» Work order
Pick out and copy every line below that has the word "Used".

» Source material
===

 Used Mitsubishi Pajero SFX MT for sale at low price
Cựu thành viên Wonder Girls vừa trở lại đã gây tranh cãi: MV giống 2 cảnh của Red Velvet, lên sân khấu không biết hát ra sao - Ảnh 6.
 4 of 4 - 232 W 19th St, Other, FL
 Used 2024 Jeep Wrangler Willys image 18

===

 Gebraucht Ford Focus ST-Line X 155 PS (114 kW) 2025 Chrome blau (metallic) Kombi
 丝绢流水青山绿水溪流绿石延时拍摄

===

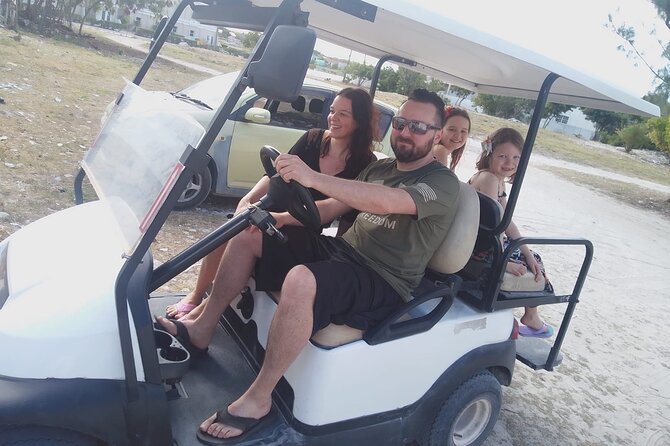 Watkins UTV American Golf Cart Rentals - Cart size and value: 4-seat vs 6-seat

===

» Reply to the task
 Used Mitsubishi Pajero SFX MT for sale at low price
 Used 2024 Jeep Wrangler Willys image 18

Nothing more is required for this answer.